A lot of the contribution is coming from the pure play vendors. Cloudera acquired a company called Gazzang, which is a security company. Cloudera understands the Achilles heel of Hadoop.
The community is also starting to focus on Hadoop’s weaknesses, but it is going to take some time. You have to understand the way the community works. They have an operating committee and everyone needs to understand the key processes. There are many entities involved and there are other issues to fix.
It will take 3 – 5 years before Hadoop becomes a more pervasive workload in the enterprise.
Q. How are organizations coping with Big Data? What are some of the challenges?
Arun: We had a roundtable yesterday where I had 25 customers. The topic was “Big Data – Analytics failures”. The first challenge was skills. The second was finding the right use cases. There is a lot of innovation happening in the Big Data world today.
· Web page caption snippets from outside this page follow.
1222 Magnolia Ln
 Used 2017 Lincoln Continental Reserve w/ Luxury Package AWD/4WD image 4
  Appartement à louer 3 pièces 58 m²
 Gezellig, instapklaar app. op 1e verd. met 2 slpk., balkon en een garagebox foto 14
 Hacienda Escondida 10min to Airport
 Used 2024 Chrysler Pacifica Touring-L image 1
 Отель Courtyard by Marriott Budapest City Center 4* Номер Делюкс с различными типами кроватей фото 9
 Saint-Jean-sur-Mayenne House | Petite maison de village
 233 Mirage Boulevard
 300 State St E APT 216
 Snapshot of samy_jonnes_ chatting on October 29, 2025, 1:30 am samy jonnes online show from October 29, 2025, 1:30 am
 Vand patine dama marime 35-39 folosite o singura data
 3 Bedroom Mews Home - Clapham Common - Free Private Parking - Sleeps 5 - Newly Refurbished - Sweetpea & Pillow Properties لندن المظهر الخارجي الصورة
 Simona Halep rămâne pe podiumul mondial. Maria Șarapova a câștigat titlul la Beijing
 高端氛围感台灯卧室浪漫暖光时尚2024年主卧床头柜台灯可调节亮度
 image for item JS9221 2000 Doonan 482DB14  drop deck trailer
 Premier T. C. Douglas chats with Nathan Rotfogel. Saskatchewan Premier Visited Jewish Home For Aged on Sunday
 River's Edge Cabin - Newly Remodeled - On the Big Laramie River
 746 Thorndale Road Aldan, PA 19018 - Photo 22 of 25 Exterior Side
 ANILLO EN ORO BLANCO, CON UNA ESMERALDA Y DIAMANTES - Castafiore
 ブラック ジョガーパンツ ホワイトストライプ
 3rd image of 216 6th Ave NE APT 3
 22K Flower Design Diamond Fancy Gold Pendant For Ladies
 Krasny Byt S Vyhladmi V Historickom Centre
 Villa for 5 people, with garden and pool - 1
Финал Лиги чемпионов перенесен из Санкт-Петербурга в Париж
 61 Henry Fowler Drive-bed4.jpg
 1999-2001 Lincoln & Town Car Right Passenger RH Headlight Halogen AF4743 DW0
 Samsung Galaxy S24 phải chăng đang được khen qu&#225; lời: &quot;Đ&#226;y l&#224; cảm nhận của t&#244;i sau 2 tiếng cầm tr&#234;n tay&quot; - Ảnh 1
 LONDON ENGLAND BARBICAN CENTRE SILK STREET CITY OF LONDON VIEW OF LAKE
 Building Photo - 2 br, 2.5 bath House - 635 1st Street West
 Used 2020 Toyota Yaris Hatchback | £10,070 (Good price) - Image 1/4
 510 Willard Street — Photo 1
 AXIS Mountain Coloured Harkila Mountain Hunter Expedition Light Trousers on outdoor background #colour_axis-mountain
But customers are wondering how to apply all that to use cases in their environment. It’s also about tying the right technology to the right use case.
The third challenge was the process challenges around data quality and data integration – the lack of it in the organization.
The fourth challenge that came up, and this one was specific to India, was the absence of these vendors in this market. Customers here don’t have a direct engagement with these vendors here in India.
Q. So is this a big opportunity for vendors here in India?
Arun: I think there is a huge opportunity for professional services companies in the Big Data services space. I also spent a lot of time with SIs (System Integrators) and VARs (Value Added Resellers) here and I see some early maturity coming. They are building platforms and blueprints and use cases for very specific vertical industries. The ecosystem is beginning to ramp up in terms of their skills and capabilities. They are also trying to understand and define problems.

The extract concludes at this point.